The Canadian government has been prompted by corporate interests to deny Indigenous rights over Indigenous lands. For example, the Atlas Network, together with Ottawa-based think tank, the Macdonald-Laurier Institute, have been actively undermining Indigenous land rights
and earth-care in Canada. They provide “a shield against opponents” by enlisting pro-industry Indigenous representatives to create the false impression that communities support extractivism. Atlas, which has links to conservative politicians and oil/gas producers, claimed success in their 2018 and 2020 reports, arguing its partner was able to discourage the Canadian government from supporting UNDRIP, which would have facilitated greater autonomy of Indigenous communities.
This method is not new. Indigenous performer, Buffy Sainte-Marie called it in her 1992- “Bury My Heart At Wounded Knee.” That tune points to CIA involvement and corporate uranium mining attempts to undermine Indigenous land rights and kill community members.

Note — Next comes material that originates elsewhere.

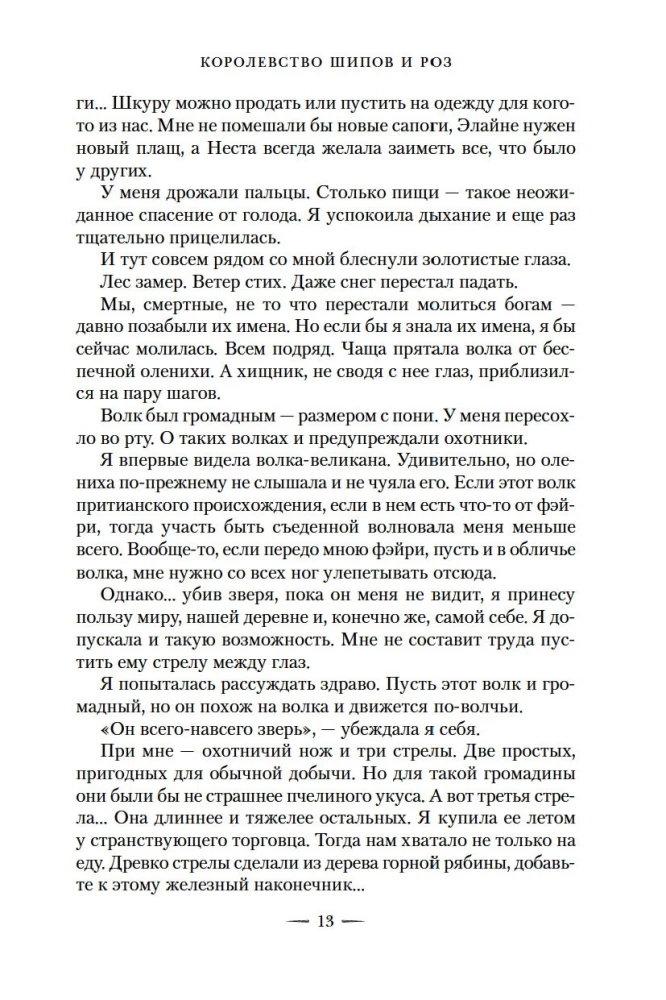 Kingdom of Thorns and Roses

She highlights the role of religion with
They got these energy companies who want the land
And they’ve got churches by the dozens, want to guide our hands
And sign our Mother Earth over to pollution, war and greed.
Going back to the time of Treaties and Scrip in Canada, similar conservative forces set up banks and land companies to profit from the stolen Indigenous land. The money that created Canada (banks, universities, railways, logging companies) funded the destruction of Indigenous communities and the killing of children.

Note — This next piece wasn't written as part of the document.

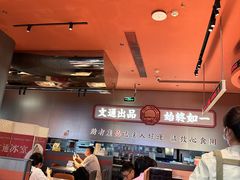 -文通冰室(东方宝泰店)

I do not believe that Pope Francis’ apology will cover these numerous and monumental violations. He will be visiting Edmonton/Amiskwaciy Waskahikan, Québec/Kebec and Iqaluit. He is expected to meet with survivors at the Ermineskin Indian Residential School in Alberta before attending an Indigenous church in downtown Edmonton. He will then pay a visit to Wakamne/Manito Sahkahigan/Lac Ste Anne, the site of pilgrimages for Roman Catholics in Alberta. The Bishop of Rome will then go to Kebec/Quebec City for other events and meetings and head to Iqaluit before flying home. Many Indigenous people will be moved by this papal encounter. It will no doubt be moving and meaningful for those whose suffering has not been adequately acknowledged. Religion, after all, is supposed to be about love, gentleness and redemption. Historically, religion has not been about fairness. That may exist in heaven, if heaven exists, but not here on Earth. But you will see a great spirit of generosity on the part of Indigenous people, the same spirit that recently saw Indigenous communities offer our current prime minister a headdress and an honour dance.